A novel enhanced Superlet Synchroextracting transform ensemble learning for structural health monitoring using nonlinear wave modulation

Abstract

This study investigates the application of nonlinear wave modulation (NWM) using chirp signals for structural health monitoring (SHM). The implementation of NWM with monoharmonic signals (periodic signals that consist of a single frequency component) poses significant challenges due to the complexity of selecting optimal pump and carrier frequencies, leading to time-intensive processes. In contrast, analyzing NWM with chirp signals introduces additional complexities regarding signal processing compared to monoharmonic excitations.
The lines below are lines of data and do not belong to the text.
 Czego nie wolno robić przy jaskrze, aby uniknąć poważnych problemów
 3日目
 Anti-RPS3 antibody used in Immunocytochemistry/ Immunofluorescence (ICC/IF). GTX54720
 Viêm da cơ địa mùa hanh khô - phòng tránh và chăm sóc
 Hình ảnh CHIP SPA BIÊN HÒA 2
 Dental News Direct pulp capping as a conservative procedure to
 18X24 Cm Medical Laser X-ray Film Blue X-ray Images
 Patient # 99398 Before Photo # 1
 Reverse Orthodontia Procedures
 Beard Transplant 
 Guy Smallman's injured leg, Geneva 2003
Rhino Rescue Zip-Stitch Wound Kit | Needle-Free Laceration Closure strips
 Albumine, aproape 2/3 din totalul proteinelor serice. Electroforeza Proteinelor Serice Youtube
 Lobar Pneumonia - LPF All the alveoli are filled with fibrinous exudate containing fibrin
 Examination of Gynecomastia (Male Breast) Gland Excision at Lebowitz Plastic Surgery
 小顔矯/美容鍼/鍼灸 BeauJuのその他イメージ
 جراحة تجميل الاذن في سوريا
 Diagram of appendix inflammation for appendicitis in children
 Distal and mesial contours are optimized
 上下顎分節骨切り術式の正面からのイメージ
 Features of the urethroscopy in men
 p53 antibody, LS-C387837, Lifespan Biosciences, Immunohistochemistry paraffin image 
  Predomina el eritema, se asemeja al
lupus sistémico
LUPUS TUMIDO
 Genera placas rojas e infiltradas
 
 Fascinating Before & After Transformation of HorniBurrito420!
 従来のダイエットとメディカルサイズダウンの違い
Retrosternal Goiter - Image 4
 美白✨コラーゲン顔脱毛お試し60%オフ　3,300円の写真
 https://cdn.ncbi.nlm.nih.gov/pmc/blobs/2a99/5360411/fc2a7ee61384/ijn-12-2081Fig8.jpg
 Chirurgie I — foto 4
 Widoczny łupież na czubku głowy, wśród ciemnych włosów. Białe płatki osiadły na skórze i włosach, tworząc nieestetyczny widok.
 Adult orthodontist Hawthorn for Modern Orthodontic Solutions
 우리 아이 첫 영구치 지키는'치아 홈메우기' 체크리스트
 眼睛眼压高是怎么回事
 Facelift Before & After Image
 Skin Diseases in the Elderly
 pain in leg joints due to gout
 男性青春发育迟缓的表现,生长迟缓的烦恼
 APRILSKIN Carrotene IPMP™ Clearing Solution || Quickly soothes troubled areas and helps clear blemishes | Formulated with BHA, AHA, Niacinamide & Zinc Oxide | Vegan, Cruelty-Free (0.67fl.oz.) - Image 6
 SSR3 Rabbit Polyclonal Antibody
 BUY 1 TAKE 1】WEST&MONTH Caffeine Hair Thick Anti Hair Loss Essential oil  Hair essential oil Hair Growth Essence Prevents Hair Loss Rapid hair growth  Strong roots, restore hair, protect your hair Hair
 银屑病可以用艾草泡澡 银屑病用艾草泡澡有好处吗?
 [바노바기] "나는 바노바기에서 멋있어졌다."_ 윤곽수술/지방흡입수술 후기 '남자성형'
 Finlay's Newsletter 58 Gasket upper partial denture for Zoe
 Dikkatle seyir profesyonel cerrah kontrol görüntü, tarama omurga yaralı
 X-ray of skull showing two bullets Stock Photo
Time-frequency analysis (TFA) has been identified as a crucial method for examining non-stationary signals; however, many existing techniques face limitations in resolution, particularly in the context of chirp signals, as dictated by the Heisenberg uncertainty principle. To address these challenges, the superlet synchroextracting transform (SLSET) is introduced as an innovative TFA approach that combines the strengths of superlet (SL) and synchroextracting transforms, resulting in improved resolution. This research utilizes NWM alongside SLSET to detect boundary loosening in sandwich beams, demonstrating the method's effectiveness in identifying structural damage while maintaining robustness against noise. Results indicate that SLSET significantly enhances the damage index compared to traditional TFA methods. The high resolution achieved allows for the detection of sidebands in vibro-acoustic modulation (VAM) tests conducted at low pump frequencies. Furthermore, three machine learning (ML) models including support vector machine (SVM), Adaptive Boosting (AdaBoost), and Random Forest (RF) were trained. The stack ensemble method combined the outputs of these models, resulting in an overall accuracy of 99.2%. This approach effectively leveraged the strengths of individual models, enhancing generalization and robustness in detecting damage across complex data scenarios. The features extracted using SLSET for VAM data of faulty structure attains a classification accuracy of 98.9%. In contrast, features derived from conventional time-frequency methods fail to identify damage, even in noise-free conditions.